AFAICT, the usual strategy used with SSL certificates is that they may expire and are checked against a "certificate authority". although maybe reasonably effective for the internet, this seems to be a fairly complex and heavy-weight approach (not ideal for software, especially not FOSS, as most such authorities want money and require signing individual binaries, ...).

my current thinking is roughly along the line that each piece of code will be given a "fingerprint" (possibly an MD5 or SHA hash), and this fingerprint is either known good to the VM itself (for example, its own code, or code that is part of the host application), or may be confirmed as "trusted" by the user (if it requires special access, ...).

it is a little harder to spoof a hash, and tampering with a piece of code will change its hash (although with simpler hashes, such as checksums and CRC's, it is often possible to use a glob of "garbage bytes" to trick the checksum algorithm into giving the desired value).

yes, there is still always the risk of a naive user confirming a piece of malware, but this is their own problem at this point.


Access to FFI and such would be regulated through objects. This leaves the issue of deciding: how do we decide which objects untrusted code should get access to? Disabling all of FFI is often too extreme.


potentially.
my current thinking is, granted, that it will disable access to the "FFI access object" (internally called "ctop" in my VM), which would disable the ability to fetch new functions/... from the FFI (or perform "native import" operations with the current implementation).
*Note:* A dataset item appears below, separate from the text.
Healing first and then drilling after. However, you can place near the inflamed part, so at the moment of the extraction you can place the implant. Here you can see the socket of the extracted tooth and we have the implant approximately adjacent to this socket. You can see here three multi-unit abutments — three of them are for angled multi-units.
however, if retrieved functions are still accessible, it might be possible to retrieve them indirectly and then make them visible this way.

as noted in another message:
native import C.math;
var mathobj={sin: sin, cos: cos, tan: tan, ...};

giving access to "mathobj" will still allow access to these functions, without necessarily giving access to "the entire C toplevel", which poses a much bigger security risk.
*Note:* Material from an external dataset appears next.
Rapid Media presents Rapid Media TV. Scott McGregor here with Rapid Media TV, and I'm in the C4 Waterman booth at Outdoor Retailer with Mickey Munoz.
sadly, there is no real good way to safely "streamline" this in the current implementation.


My current design: FFI is a network of registries. Plugins and services publish FFI objects (modules) to these registries. Different registries are associated with different security levels, and there might be connections between them based on relative trust and security. A single FFI plugin might provide similar objects at multiple security levels - e.g. access to HTTP service might be provided at a low security level for remote addresses, but at a high security level that allows for local (127, 192.168, 10.0.0, etc.) addresses. One reason to favor plugin-based FFI is that it is easy to develop security policy for high-level features compared to low-level capabilities. (E.g. access to generic 'local storage' is lower security level than access to 'filesystem'.)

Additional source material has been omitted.